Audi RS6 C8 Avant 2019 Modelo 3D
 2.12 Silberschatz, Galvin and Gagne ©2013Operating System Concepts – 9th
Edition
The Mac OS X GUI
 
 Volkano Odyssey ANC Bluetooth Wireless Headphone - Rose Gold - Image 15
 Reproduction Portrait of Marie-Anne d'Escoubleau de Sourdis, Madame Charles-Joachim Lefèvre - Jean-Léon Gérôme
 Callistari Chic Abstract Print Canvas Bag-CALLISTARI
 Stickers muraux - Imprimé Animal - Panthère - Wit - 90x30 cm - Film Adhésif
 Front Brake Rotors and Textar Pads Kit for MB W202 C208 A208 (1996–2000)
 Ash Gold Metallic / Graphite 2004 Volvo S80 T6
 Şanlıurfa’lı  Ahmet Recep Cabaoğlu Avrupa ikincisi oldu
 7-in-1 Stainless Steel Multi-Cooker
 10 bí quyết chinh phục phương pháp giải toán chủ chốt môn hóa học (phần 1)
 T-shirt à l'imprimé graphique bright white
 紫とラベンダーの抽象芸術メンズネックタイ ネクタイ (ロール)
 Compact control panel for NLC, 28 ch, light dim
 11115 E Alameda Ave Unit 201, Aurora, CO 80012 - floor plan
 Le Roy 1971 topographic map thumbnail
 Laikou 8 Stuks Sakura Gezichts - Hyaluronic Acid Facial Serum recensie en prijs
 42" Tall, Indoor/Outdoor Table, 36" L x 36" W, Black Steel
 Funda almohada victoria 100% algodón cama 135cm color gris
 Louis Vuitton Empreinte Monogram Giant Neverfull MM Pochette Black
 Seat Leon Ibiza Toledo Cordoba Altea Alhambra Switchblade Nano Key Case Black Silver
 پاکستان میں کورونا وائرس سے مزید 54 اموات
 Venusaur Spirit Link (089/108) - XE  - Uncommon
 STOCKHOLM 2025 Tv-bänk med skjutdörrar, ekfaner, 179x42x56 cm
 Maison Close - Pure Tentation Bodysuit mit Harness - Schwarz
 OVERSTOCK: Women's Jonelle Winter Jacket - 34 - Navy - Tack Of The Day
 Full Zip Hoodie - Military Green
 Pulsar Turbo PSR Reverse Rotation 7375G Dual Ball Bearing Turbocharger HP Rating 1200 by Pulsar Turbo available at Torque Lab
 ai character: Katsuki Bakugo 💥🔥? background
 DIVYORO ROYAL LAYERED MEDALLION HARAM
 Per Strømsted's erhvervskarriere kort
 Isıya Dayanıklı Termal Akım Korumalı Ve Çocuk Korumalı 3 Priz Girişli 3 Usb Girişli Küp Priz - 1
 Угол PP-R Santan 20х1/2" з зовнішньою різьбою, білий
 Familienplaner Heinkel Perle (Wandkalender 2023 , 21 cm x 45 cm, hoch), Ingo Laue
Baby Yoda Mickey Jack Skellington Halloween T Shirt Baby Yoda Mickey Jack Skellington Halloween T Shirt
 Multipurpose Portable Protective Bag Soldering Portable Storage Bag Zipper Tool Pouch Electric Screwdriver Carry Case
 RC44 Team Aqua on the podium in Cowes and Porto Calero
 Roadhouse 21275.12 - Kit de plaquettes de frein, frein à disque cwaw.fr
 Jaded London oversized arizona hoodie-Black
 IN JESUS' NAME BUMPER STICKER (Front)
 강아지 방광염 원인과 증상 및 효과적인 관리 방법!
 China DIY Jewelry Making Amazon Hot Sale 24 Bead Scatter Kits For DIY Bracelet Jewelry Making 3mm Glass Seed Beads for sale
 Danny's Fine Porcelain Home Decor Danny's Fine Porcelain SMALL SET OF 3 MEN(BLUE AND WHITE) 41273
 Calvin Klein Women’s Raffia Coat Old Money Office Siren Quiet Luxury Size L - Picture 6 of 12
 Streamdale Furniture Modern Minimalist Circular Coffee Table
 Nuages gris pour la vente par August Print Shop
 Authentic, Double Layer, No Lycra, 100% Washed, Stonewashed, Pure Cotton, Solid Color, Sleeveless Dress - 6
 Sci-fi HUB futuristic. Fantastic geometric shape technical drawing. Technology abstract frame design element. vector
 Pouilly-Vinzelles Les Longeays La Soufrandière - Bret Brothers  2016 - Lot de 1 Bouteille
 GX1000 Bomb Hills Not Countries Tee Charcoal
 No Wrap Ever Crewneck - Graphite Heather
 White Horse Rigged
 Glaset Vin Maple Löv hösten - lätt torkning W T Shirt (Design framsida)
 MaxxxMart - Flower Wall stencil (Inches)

***

Your task is to reproduce all the material exactly as it stands.

Audi RS6 C8 Avant 2019 Modelo 3D
 2.12 Silberschatz, Galvin and Gagne ©2013Operating System Concepts – 9th
Edition
The Mac OS X GUI
 
 Volkano Odyssey ANC Bluetooth Wireless Headphone - Rose Gold - Image 15
 Reproduction Portrait of Marie-Anne d'Escoubleau de Sourdis, Madame Charles-Joachim Lefèvre - Jean-Léon Gérôme
 Callistari Chic Abstract Print Canvas Bag-CALLISTARI
 Stickers muraux - Imprimé Animal - Panthère - Wit - 90x30 cm - Film Adhésif
 Front Brake Rotors and Textar Pads Kit for MB W202 C208 A208 (1996–2000)
 Ash Gold Metallic / Graphite 2004 Volvo S80 T6
 Şanlıurfa’lı  Ahmet Recep Cabaoğlu Avrupa ikincisi oldu
 7-in-1 Stainless Steel Multi-Cooker
 10 bí quyết chinh phục phương pháp giải toán chủ chốt môn hóa học (phần 1)
 T-shirt à l'imprimé graphique bright white
 紫とラベンダーの抽象芸術メンズネックタイ ネクタイ (ロール)
 Compact control panel for NLC, 28 ch, light dim
 11115 E Alameda Ave Unit 201, Aurora, CO 80012 - floor plan
 Le Roy 1971 topographic map thumbnail
 Laikou 8 Stuks Sakura Gezichts - Hyaluronic Acid Facial Serum recensie en prijs
 42" Tall, Indoor/Outdoor Table, 36" L x 36" W, Black Steel
 Funda almohada victoria 100% algodón cama 135cm color gris
 Louis Vuitton Empreinte Monogram Giant Neverfull MM Pochette Black
 Seat Leon Ibiza Toledo Cordoba Altea Alhambra Switchblade Nano Key Case Black Silver
 پاکستان میں کورونا وائرس سے مزید 54 اموات
 Venusaur Spirit Link (089/108) - XE  - Uncommon
 STOCKHOLM 2025 Tv-bänk med skjutdörrar, ekfaner, 179x42x56 cm
 Maison Close - Pure Tentation Bodysuit mit Harness - Schwarz
 OVERSTOCK: Women's Jonelle Winter Jacket - 34 - Navy - Tack Of The Day
 Full Zip Hoodie - Military Green
 Pulsar Turbo PSR Reverse Rotation 7375G Dual Ball Bearing Turbocharger HP Rating 1200 by Pulsar Turbo available at Torque Lab
 ai character: Katsuki Bakugo 💥🔥? background
 DIVYORO ROYAL LAYERED MEDALLION HARAM
 Per Strømsted's erhvervskarriere kort
 Isıya Dayanıklı Termal Akım Korumalı Ve Çocuk Korumalı 3 Priz Girişli 3 Usb Girişli Küp Priz - 1
 Угол PP-R Santan 20х1/2" з зовнішньою різьбою, білий
 Familienplaner Heinkel Perle (Wandkalender 2023 , 21 cm x 45 cm, hoch), Ingo Laue
Baby Yoda Mickey Jack Skellington Halloween T Shirt Baby Yoda Mickey Jack Skellington Halloween T Shirt
 Multipurpose Portable Protective Bag Soldering Portable Storage Bag Zipper Tool Pouch Electric Screwdriver Carry Case
 RC44 Team Aqua on the podium in Cowes and Porto Calero
 Roadhouse 21275.12 - Kit de plaquettes de frein, frein à disque cwaw.fr
 Jaded London oversized arizona hoodie-Black
 IN JESUS' NAME BUMPER STICKER (Front)
 강아지 방광염 원인과 증상 및 효과적인 관리 방법!
 China DIY Jewelry Making Amazon Hot Sale 24 Bead Scatter Kits For DIY Bracelet Jewelry Making 3mm Glass Seed Beads for sale
 Danny's Fine Porcelain Home Decor Danny's Fine Porcelain SMALL SET OF 3 MEN(BLUE AND WHITE) 41273
 Calvin Klein Women’s Raffia Coat Old Money Office Siren Quiet Luxury Size L - Picture 6 of 12
 Streamdale Furniture Modern Minimalist Circular Coffee Table
 Nuages gris pour la vente par August Print Shop
 Authentic, Double Layer, No Lycra, 100% Washed, Stonewashed, Pure Cotton, Solid Color, Sleeveless Dress - 6
 Sci-fi HUB futuristic. Fantastic geometric shape technical drawing. Technology abstract frame design element. vector
 Pouilly-Vinzelles Les Longeays La Soufrandière - Bret Brothers  2016 - Lot de 1 Bouteille
 GX1000 Bomb Hills Not Countries Tee Charcoal
 No Wrap Ever Crewneck - Graphite Heather
 White Horse Rigged
 Glaset Vin Maple Löv hösten - lätt torkning W T Shirt (Design framsida)
 MaxxxMart - Flower Wall stencil (Inches)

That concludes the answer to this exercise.